Task details:
Transcribe exactly the stretch of lines beginning at the one containing "Performed in full. One night only." and closing with the last line of the entries below. Omit images.

Stored data entries:

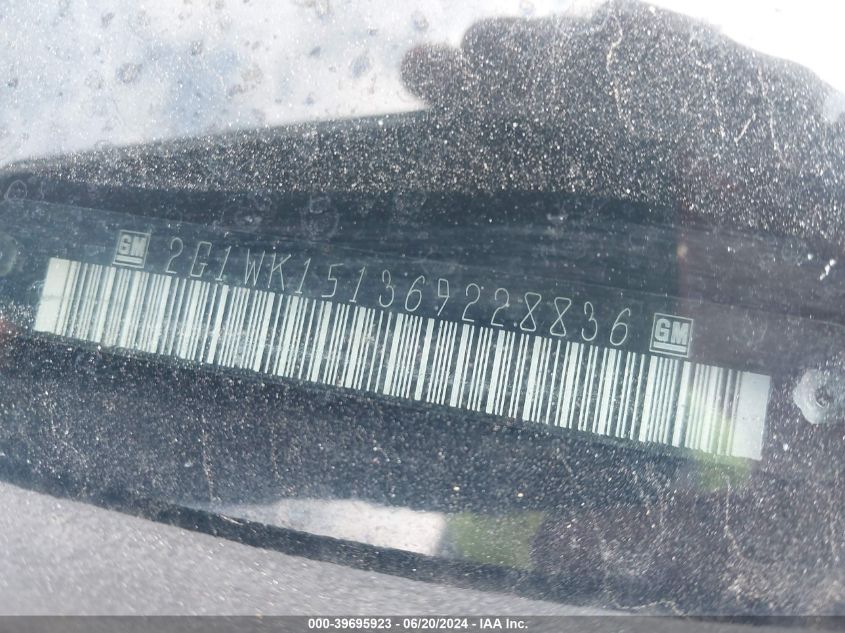 2006 Chevrolet Monte Carlo Lt VIN: 2G1WK151369228836 Lot: 39695923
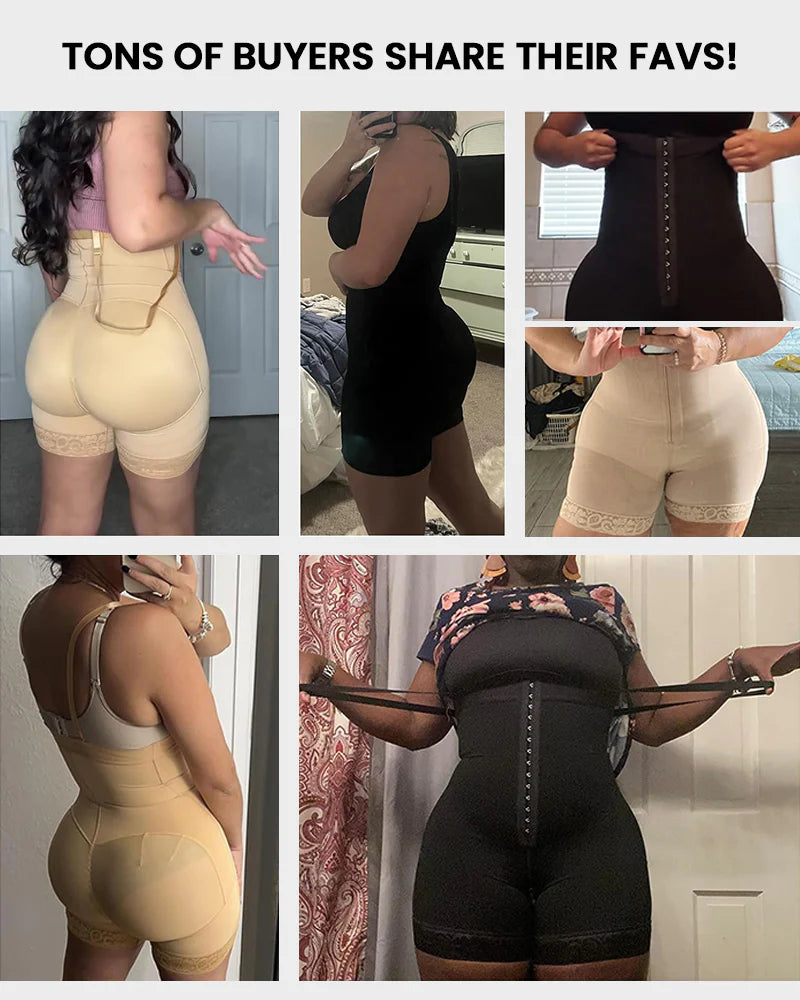 Velosety Tummy Control Butt Lifter Bodysuit BBL Fajas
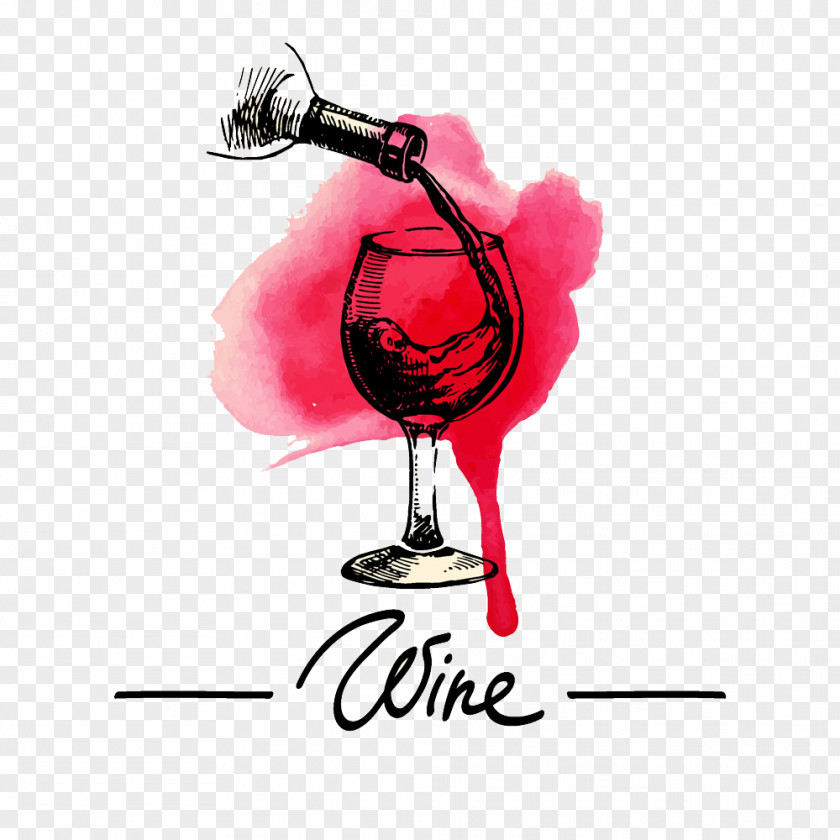 Red Wine Common Grape Vine Drawing Clip Art PNG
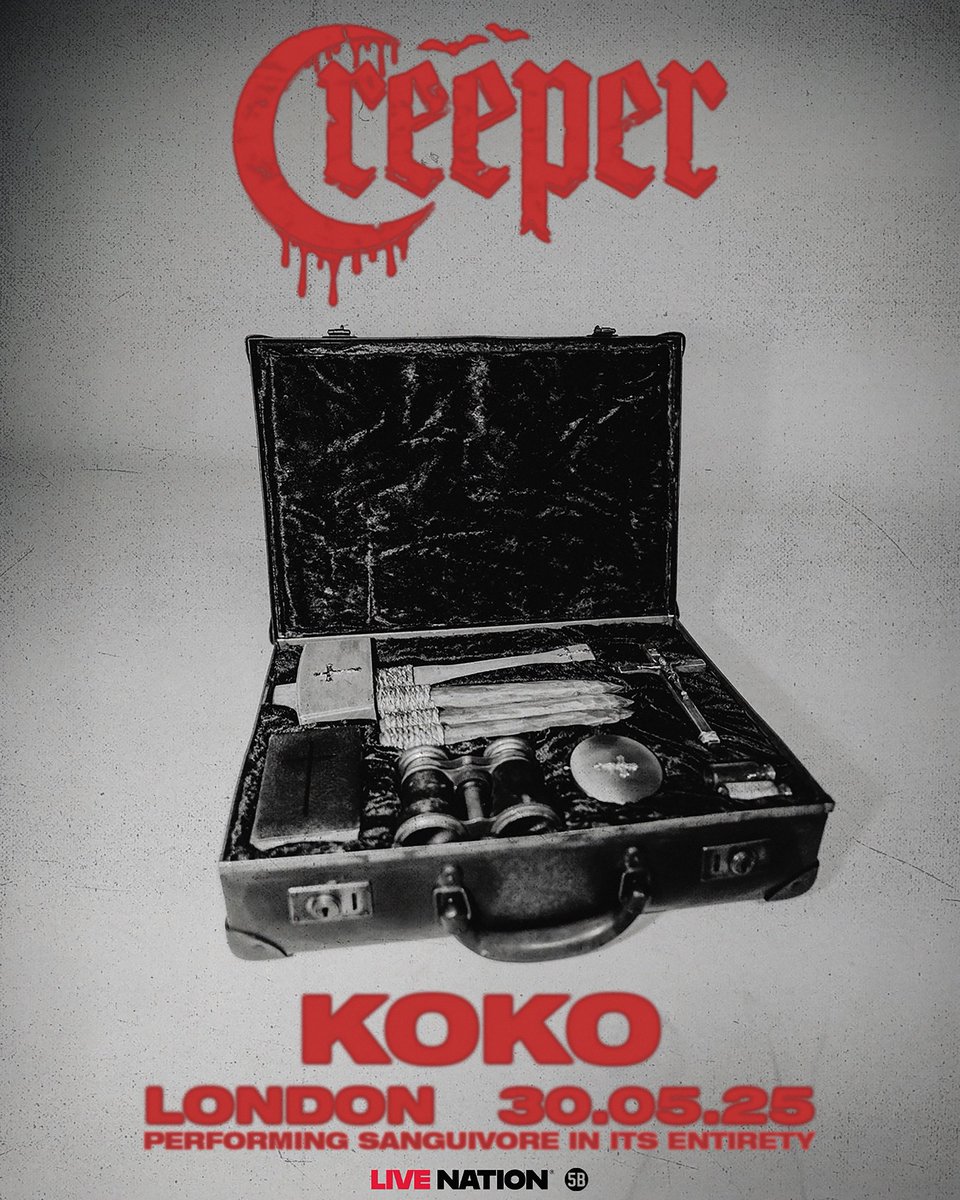 LONDON – KOKO – MAY 30

SANGUIVORE
Performed in full. One night only.

You know it’s only Rock N Roll but tonight… it could take your life. – Darcia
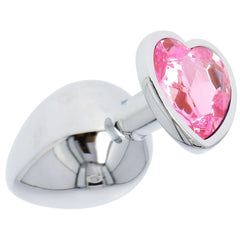 Plug Anale Heart Large Ø 4,4 cm rosa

Result of this exercise:
Performed in full. One night only.

You know it’s only Rock N Roll but tonight… it could take your life. – Darcia
 Plug Anale Heart Large Ø 4,4 cm rosa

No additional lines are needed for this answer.